Anyway- I was hot, had drunk all my water, worn too many clothes, was tired and lagging.  I was to the point of being silly.  The group was well ahead of us, but the trail was well-marked.   One of the major, major rules of birding in a group is to keep quiet.  Keep quiet and don't wave your arms around.  Scares off the birds.  I knew the rules. Acting stupid you should just know not to do - no matter if you're in a hot rain forest.
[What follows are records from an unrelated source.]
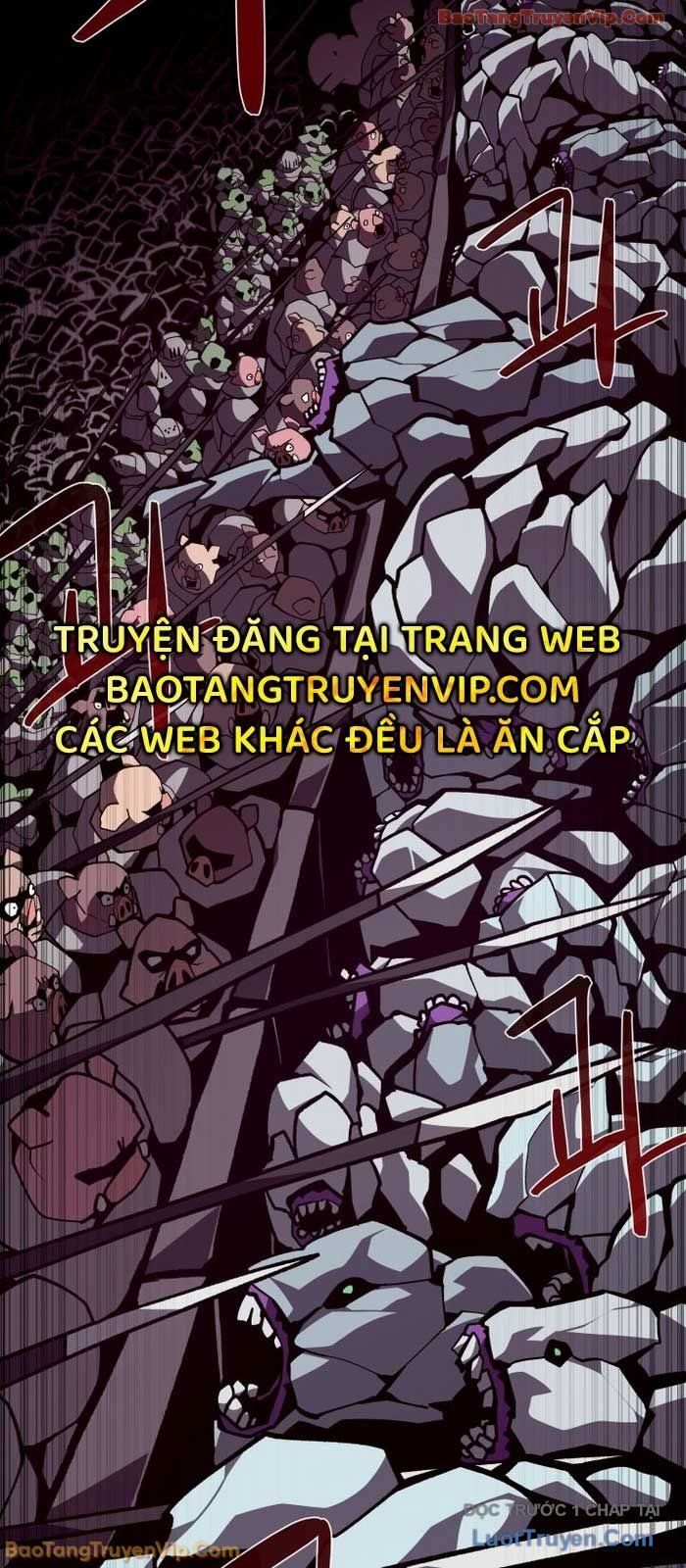 Hồi Ức Trong Ngục Tối Chapter 128 - 16
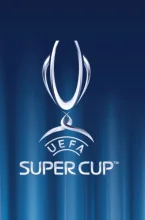 ПСЖ - Тоттенхэм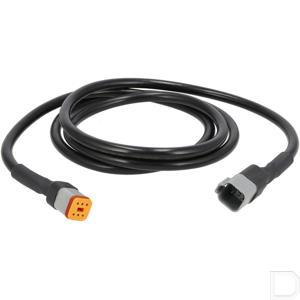 kadt066s2mp.jpg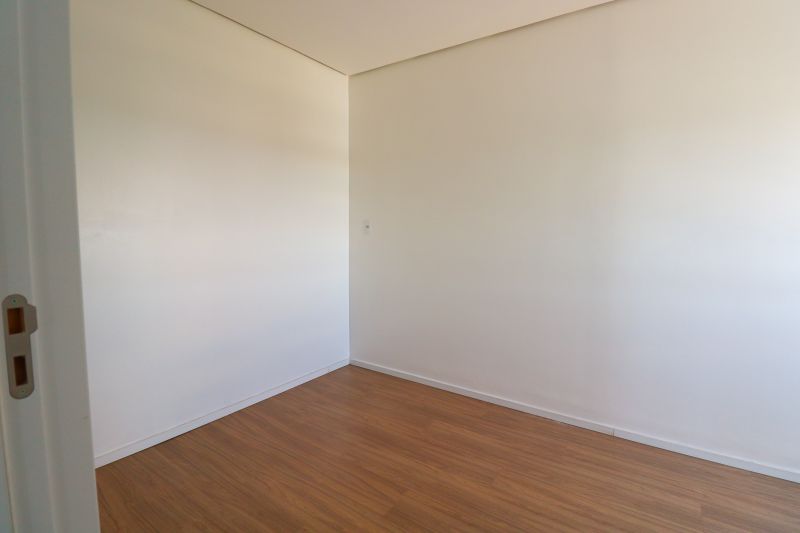 Apartamento 2 quartos  em ERECHIM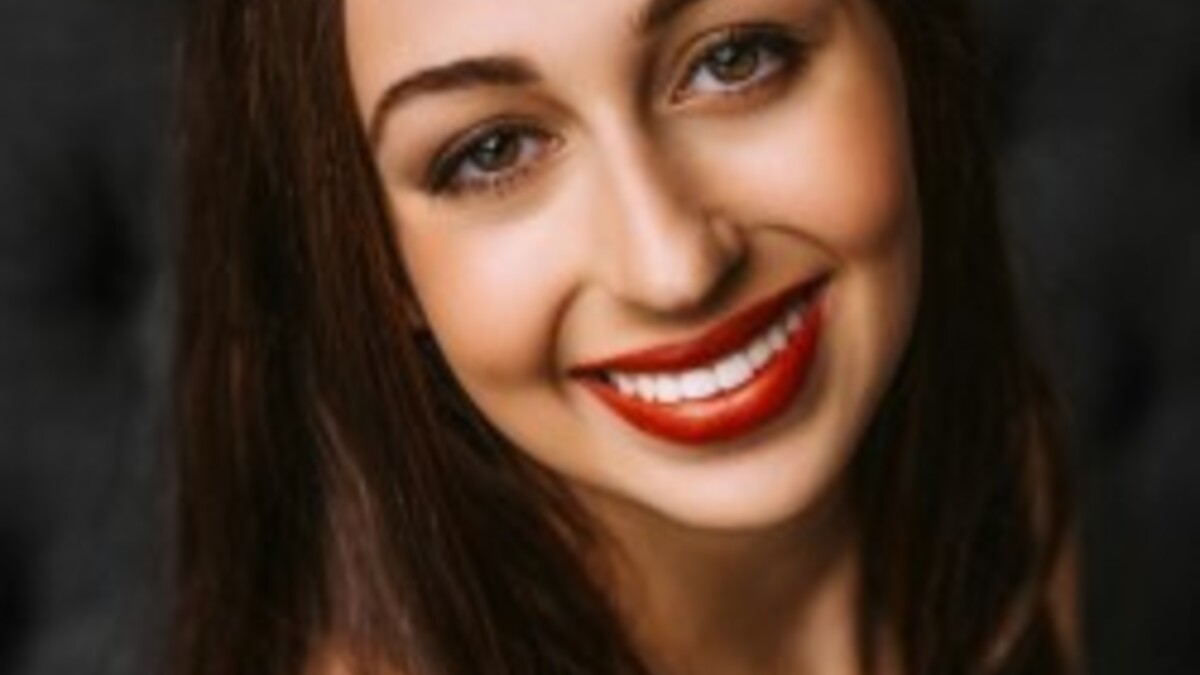 Jocelyn Daubendiek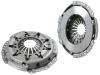 Clutch Pressure Plate:30210-AW405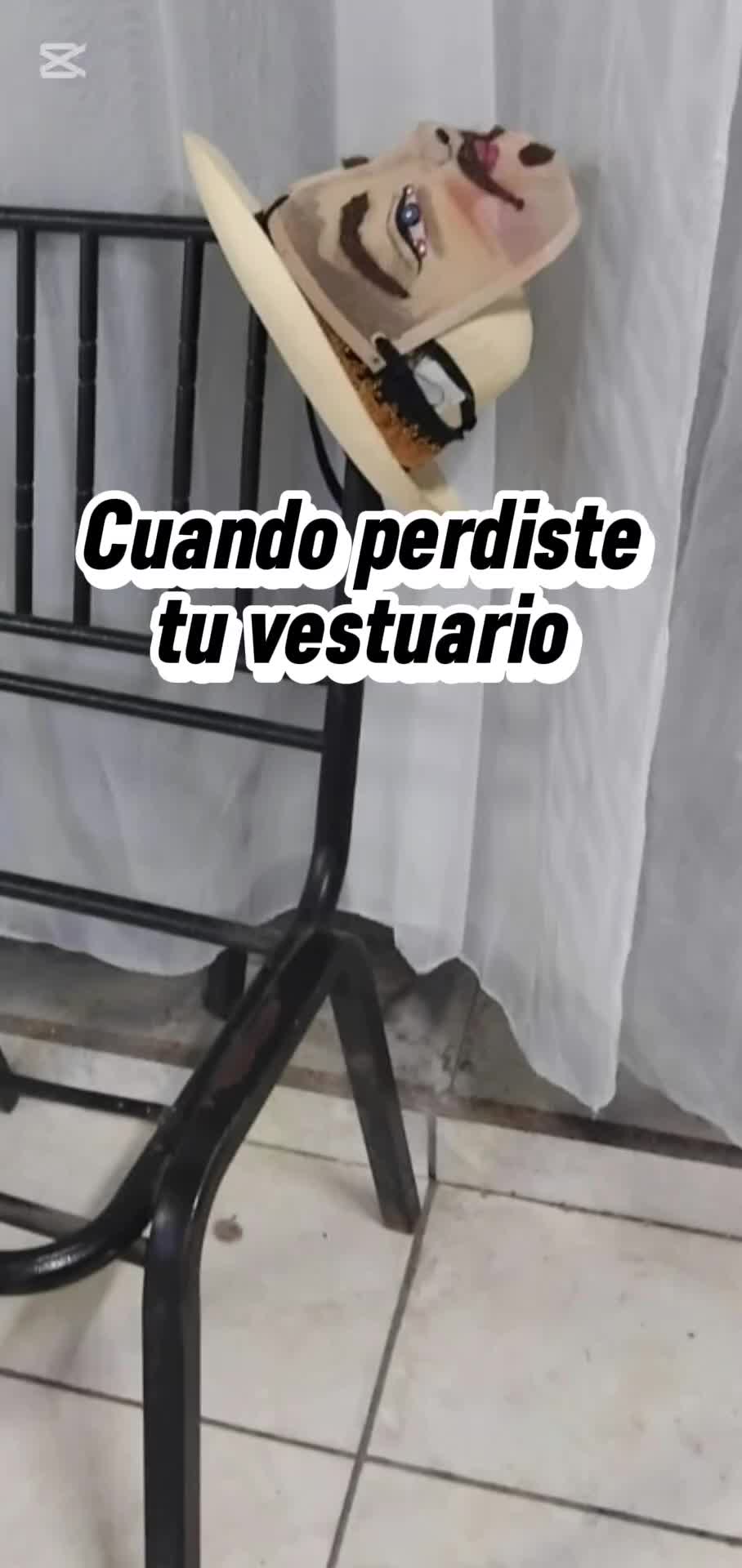 @NoblesElegantes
As my husband and I pulled up to the rear of our group, I could hear Olga saying that she had spotted a Scarlet-Thighed Dacnis in the dense cover ahead of us. Everyone was very focused on finding this beautiful bird.  However, the name seemed incredibly funny to me, so I leaned over to the elderly woman next to me and asked "Are you sure it isn't a Scarlet-Ankled Dacnis?"  Yikes- the look I got: cool, head to toe and back up, and then,  "No, dear, it's a Scarlet-Thighed Dacnis."  With this, she looked like she smelled something bad and turned away.  My husband was acting like he didn't know me, edging ever-so-slightly away.
So.  I had picked one of the serious listers to share my hilarious observation with.  I knew the correct name of the bird, as I was quite looking forward to seeing it.  This particular dacnis is songbird size, and is a combination of inky black and dense, rich turquoise, except for the feathering on the tibia, which is the area between body and what you might call the 'knee'.  These feathers are fluffy and lipstick red.  Amazingly beautiful.  What the lady dacnises must think!
I did get a good, long look at the Dacnis and made a special effort to be super-serious for the rest of the morning.  That's the only Scarlet-Thighed Dacnis I've ever seen, but I'll never forget him.  He was above us on a branch, peering down, the sun glinting on his turquoise back, showing off those red feathers.
People ask me why I bird.   Why ever not?